More often, however, the use of imprecise or misleading language becomes a tool of legislative compromise. It avoids the difficult political choices that have to be made where a statute is drafted clearly.

When statutory language is subject to varying interpretations, all sides can claim victory, in the hope that the courts will eventually adopt their position. So they agree to disagree and then try to shade the process of

interpretation by sprinkling the record with contradictory snippets of legislative history.

This is not, in my view, a healthy process. Whether it results from poor draftsmanship or by intent, when the legislative and executive branches of government pass statutes that are devoid of objective content, they abdicate their responsibility to make the law.
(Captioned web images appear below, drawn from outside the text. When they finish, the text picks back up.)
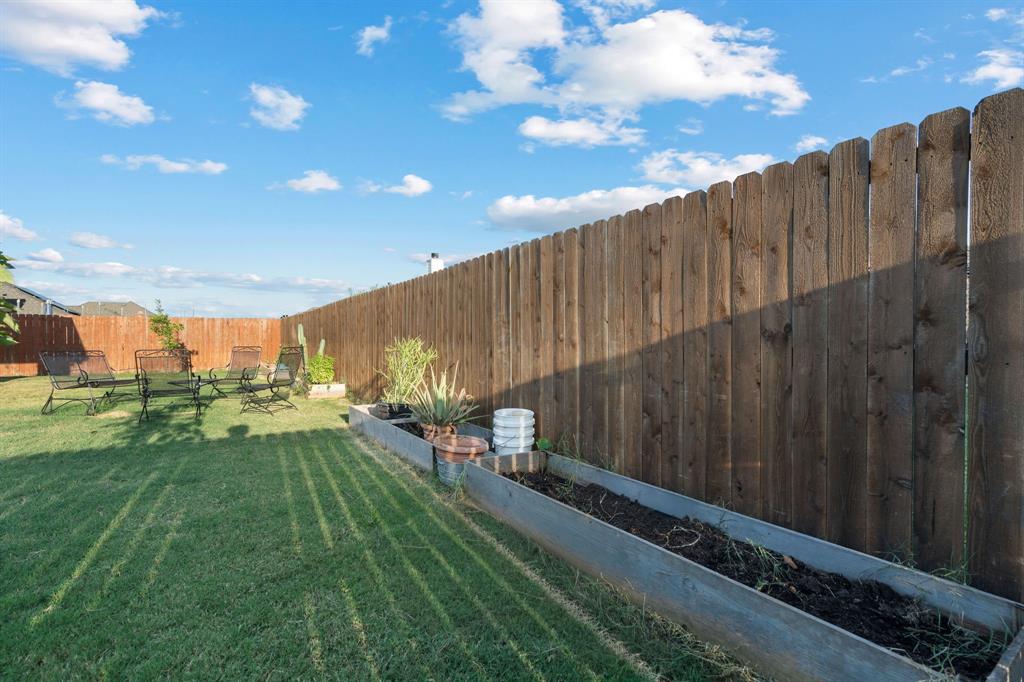 904 Sam Street Springtown, TX 76082 - Photo 26 of 30 a view of a backyard with sitting area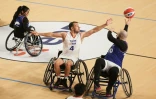Denis Gargaud Chanut (c.), champion olympique de canoë-kayak en 2016, joue au basket-ball en fauteuil roulant lors d'une rencontre d'exhibition organisée au Palais des Sports de Bordeaux, le 23 novembre 2023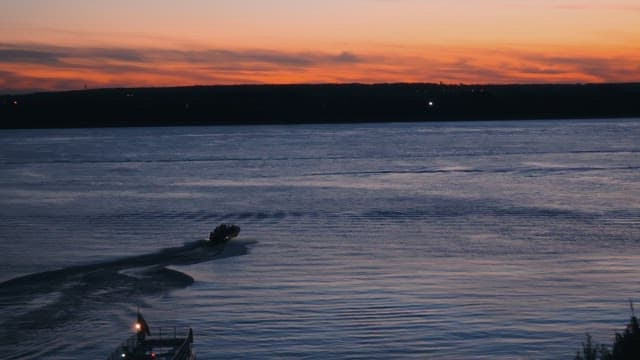 Speedboat riding through the river at sunset.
Under our system of government there is, of course, good reason why law is to be made by elected officials and not the judiciary: If legislation is to conform by and large to popular will, it should be shaped by those who have to stand for re-election and not by those who are shielded from the political process by life tenure.

Legislators are able to escape popular wrath for unpopular legislative choices by agreeing to language that is nebulous and then bashing the courts as activist when they adopt a meaning that turns out to be politically inconvenient.

This process also has unhealthy effects on the judiciary. As I noted before, the process of making law through judicial decision is a seductive one. It is very tempting to use creative interpretation to cure a variety of ills, from poor legislative draftsmanship to more substantive problems in our society.

By constantly dealing with statutes that mean little or nothing on their face, or whose plain meaning is undercut by legislative history, judges and lawyers tend to forget that statutory language is the principal or even dispositive index of the legislative will.

It is disconcerting to note how frequently I see briefs that start an argument with reference to the legislative history and go on to discuss policy, overlooking the statutory lan guage altogether.

By and large courts have done their best to deal with this abdication of responsibility by the other branches of government, interpreting murky language, supplying policy content and reconciling conflicts between statute and legislative history.

But in so doing, they have been abetting a process that undermines our tripartite system of government and that brings the judiciary into disrepute.

I am personally convinced, for example, that the current controversy over whether judges are too activist is due in large part to this phenomenon, and not to an inherent tendency of judges to grab power.

The solutions to this problem, if one agrees it is a problem, are not easy, and full resolution may not be possible. In my view, however, courts have a responsibility to resist the legislative sleight of hand that shifts the policy debate from the floor of Congress to the well of the courtroom.

One possible technique is to interpret statutory language as written, regardless of what might be dire consequences. The Supreme Court did so in TVA vs. Hill, where construction of the Tellico Dam was halted to avoid destruction of the Snail Darter, a tiny fish.

While the case caused much hand-wringing at the time, it squarely placed responsibility for the result - desirable or not - on Congress where it belonged.

One can only wonder what would have happened if the courts had interpreted Section 1 of the Sherman Antitrust Act in the same straightforward fashion. That section, as you may recall, prohibits all combinations and conspiracies in restraint of trade, using language that literally covers all contracts.

The courts looked at that language and decided that it could not mean what it said and therefore read the word "unreasonable" into the section. By so doing, the courts agreed to provide policy content to a statute that had none.

Whether one is happy with the development of antitrust law over the past century or not, the fact remains that it is largely judge-made law, an abdication of legislative will.

Another possible way of dealing with this problem is to refuse to give effect to legislation where there is significant doubt as to whether the participants in the enactment process in fact had a meeting of the minds.

This is a blunt tool and ought to be used with some care. But it is not that rare to run into a statute that is seriously internally inconsistent, or where clear statutory language is contradicted by equally clear language in the legislative history.

Such instances are disturbing because they raise serious doubts whether all of those who, under our Constitution, are supposed to assent to legislation, in fact were agreeing to the same thing.

What if there is significant proof that they did not? Does the product of their efforts still become law?

Early in the first year of law school law students are taught a case involving a contract for cargo to be delivered on a ship called the Peerless. It turns out there were two ships Peerless and the buyer and seller each had a different one in mind when they made the contract. The court in that case held that no contract was created because there was no meeting of the minds.

This is pretty much black-letter contract law. Ought legislation, which has effects far graver than private contracts, be given effect where there was no meeting of the minds of all those necessary to make it law?